◆ RECORDS TO USE:
-------

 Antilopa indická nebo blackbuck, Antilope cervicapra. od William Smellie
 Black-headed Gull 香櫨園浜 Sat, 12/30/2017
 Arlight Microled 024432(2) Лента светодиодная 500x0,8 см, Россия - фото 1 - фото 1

-------

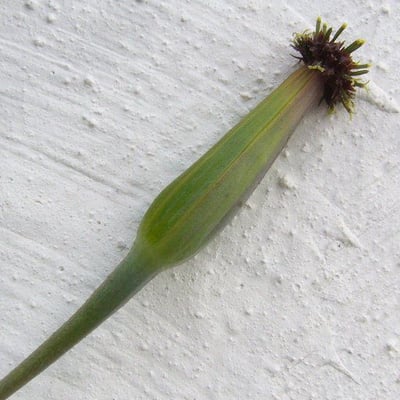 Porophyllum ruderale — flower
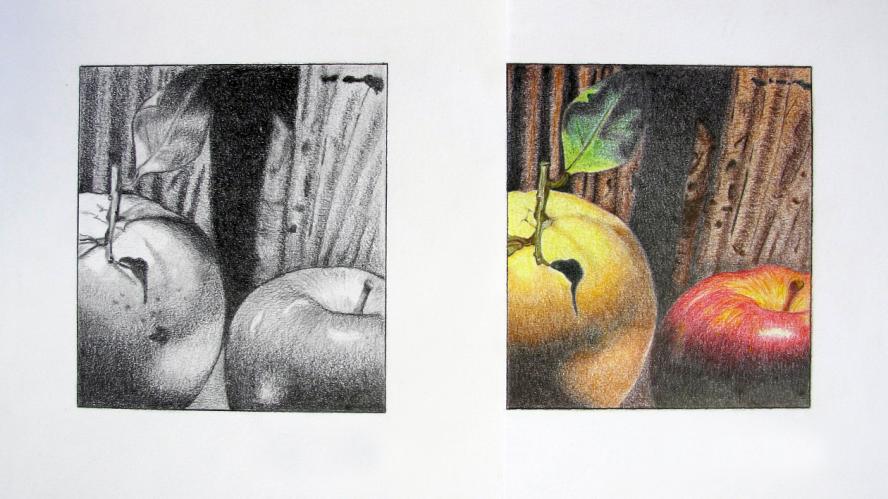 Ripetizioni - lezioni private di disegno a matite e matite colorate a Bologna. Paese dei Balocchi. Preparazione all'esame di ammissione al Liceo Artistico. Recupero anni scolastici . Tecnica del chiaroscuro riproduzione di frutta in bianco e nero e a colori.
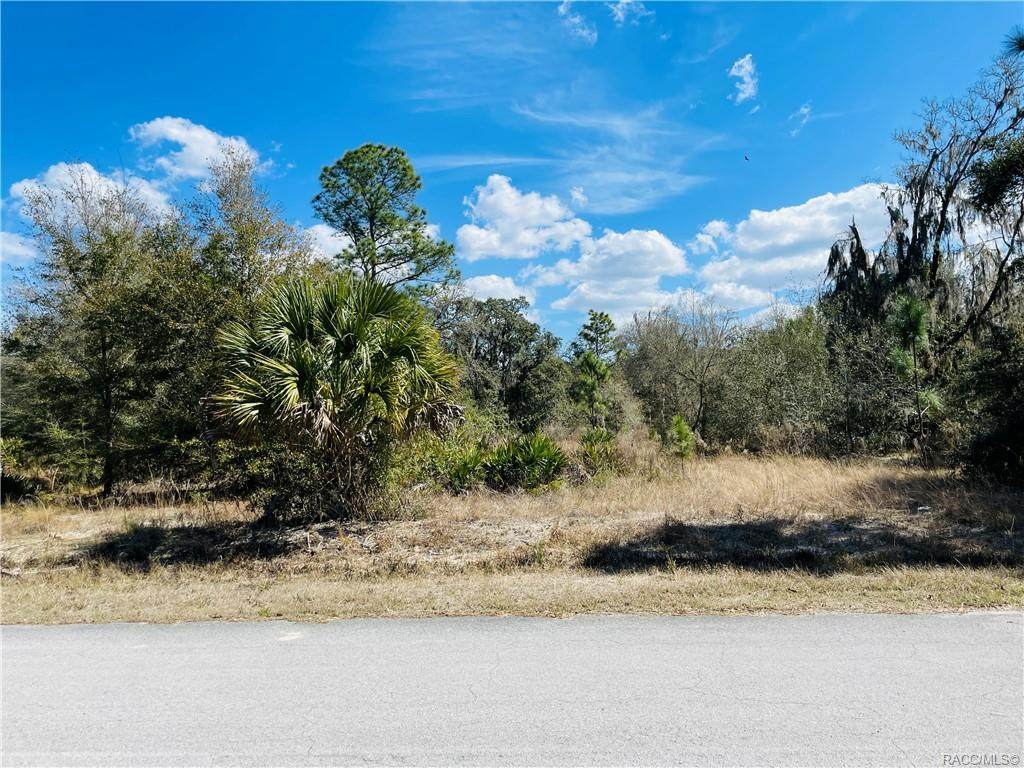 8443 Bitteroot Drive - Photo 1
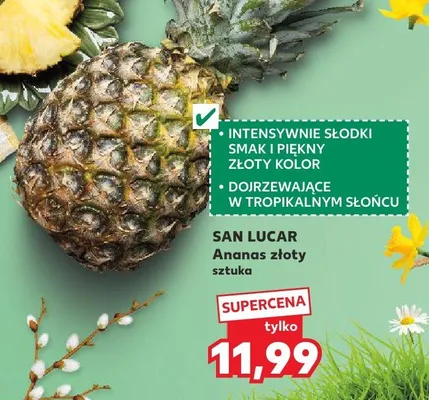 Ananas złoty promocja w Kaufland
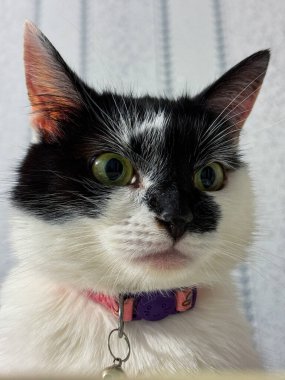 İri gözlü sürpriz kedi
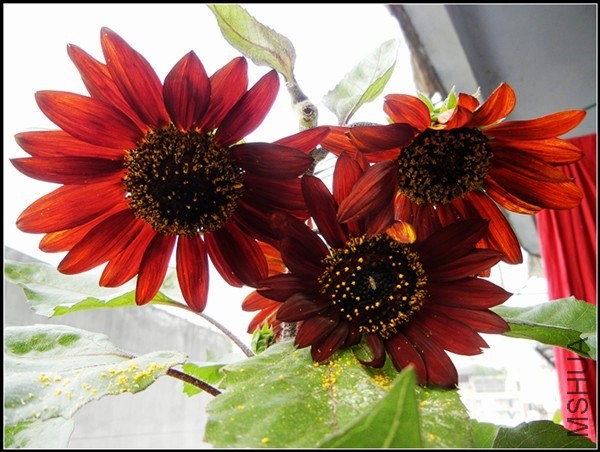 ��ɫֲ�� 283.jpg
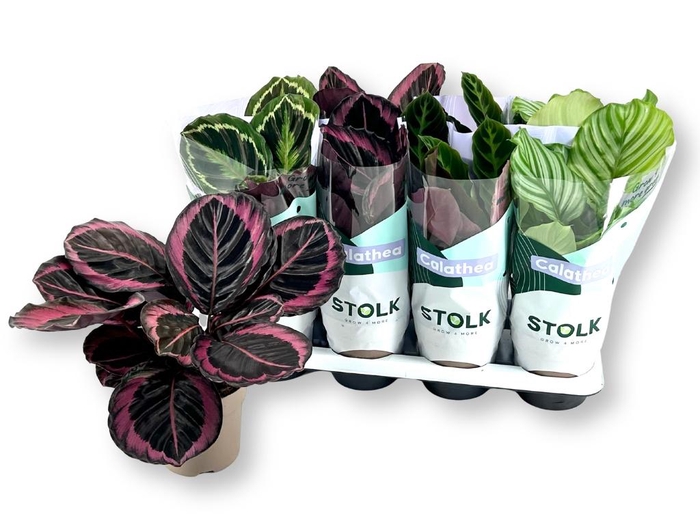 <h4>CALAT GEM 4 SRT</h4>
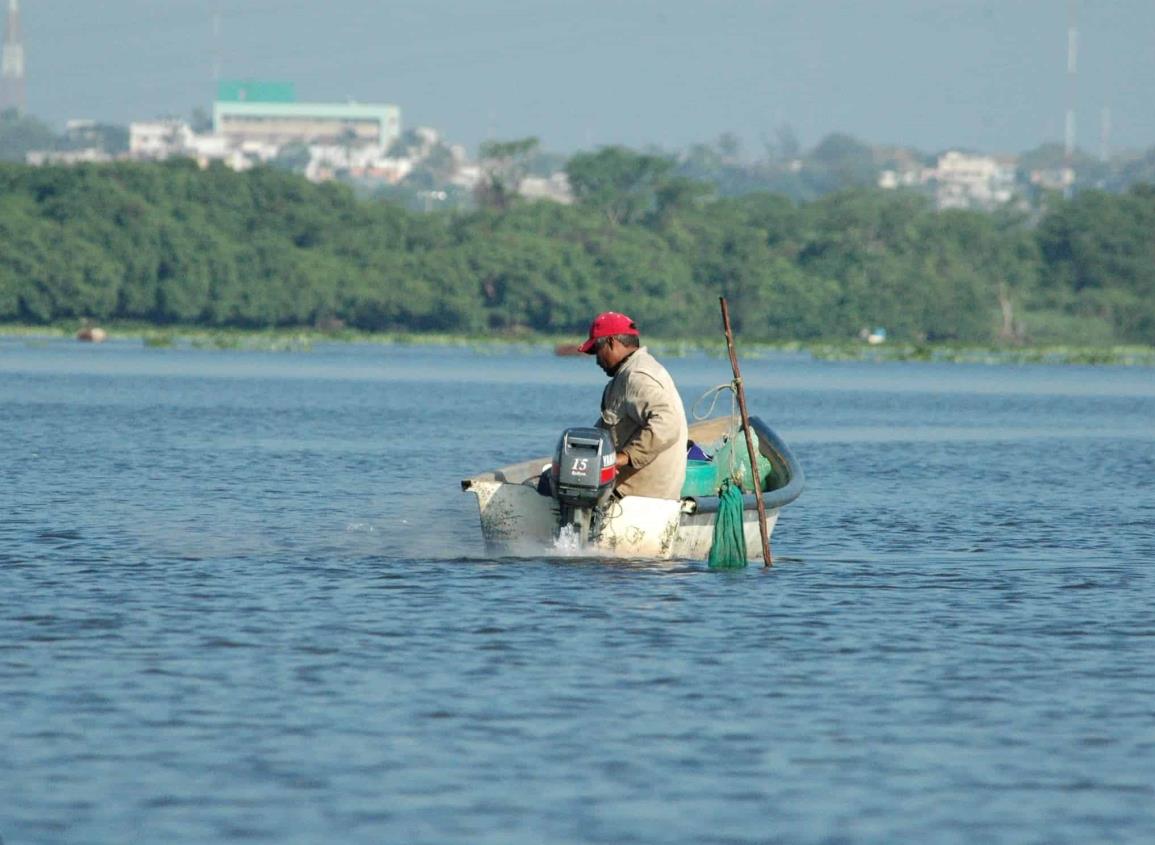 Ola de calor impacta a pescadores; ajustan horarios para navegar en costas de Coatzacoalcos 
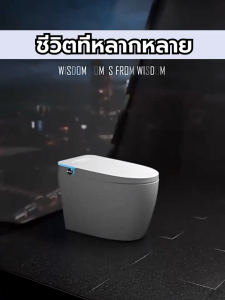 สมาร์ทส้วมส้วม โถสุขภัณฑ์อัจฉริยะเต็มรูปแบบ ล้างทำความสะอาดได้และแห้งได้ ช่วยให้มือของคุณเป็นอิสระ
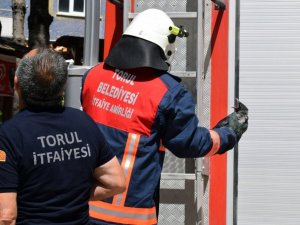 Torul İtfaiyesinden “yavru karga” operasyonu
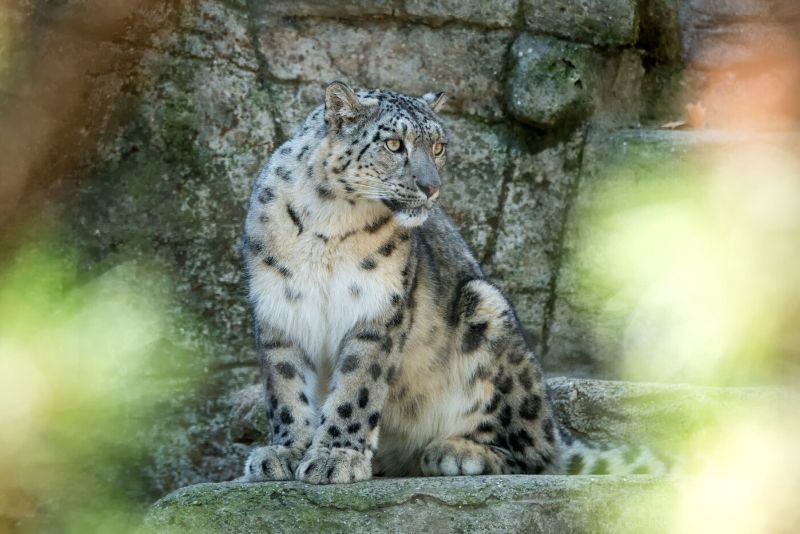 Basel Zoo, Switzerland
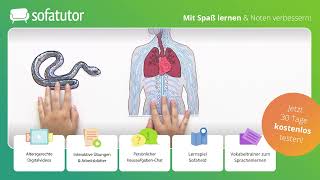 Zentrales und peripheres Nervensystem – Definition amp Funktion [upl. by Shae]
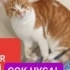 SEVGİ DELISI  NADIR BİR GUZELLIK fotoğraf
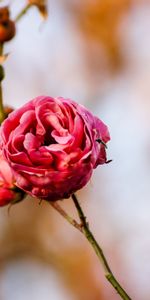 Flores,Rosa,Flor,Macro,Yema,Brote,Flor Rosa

-------

◆ WHAT THE EXERCISE ASKS: Beginning at the line above that contains "Porophyllum ruderale — flower", repeat each line exactly through the one that contains "Flores,Rosa,Flor,Macro,Yema,Brote,Flor Rosa", and leave out the pictures.

◆ RESULT:
 Porophyllum ruderale — flower
 Ripetizioni - lezioni private di disegno a matite e matite colorate a Bologna. Paese dei Balocchi. Preparazione all'esame di ammissione al Liceo Artistico. Recupero anni scolastici . Tecnica del chiaroscuro riproduzione di frutta in bianco e nero e a colori.
 8443 Bitteroot Drive - Photo 1
 Ananas złoty promocja w Kaufland
 İri gözlü sürpriz kedi
 ��ɫֲ�� 283.jpg
 <h4>CALAT GEM 4 SRT</h4>
 Ola de calor impacta a pescadores; ajustan horarios para navegar en costas de Coatzacoalcos 
 สมาร์ทส้วมส้วม โถสุขภัณฑ์อัจฉริยะเต็มรูปแบบ ล้างทำความสะอาดได้และแห้งได้ ช่วยให้มือของคุณเป็นอิสระ
 Torul İtfaiyesinden “yavru karga” operasyonu
 Basel Zoo, Switzerland
 Zentrales und peripheres Nervensystem – Definition amp Funktion [upl. by Shae]
 SEVGİ DELISI  NADIR BİR GUZELLIK fotoğraf
 Flores,Rosa,Flor,Macro,Yema,Brote,Flor Rosa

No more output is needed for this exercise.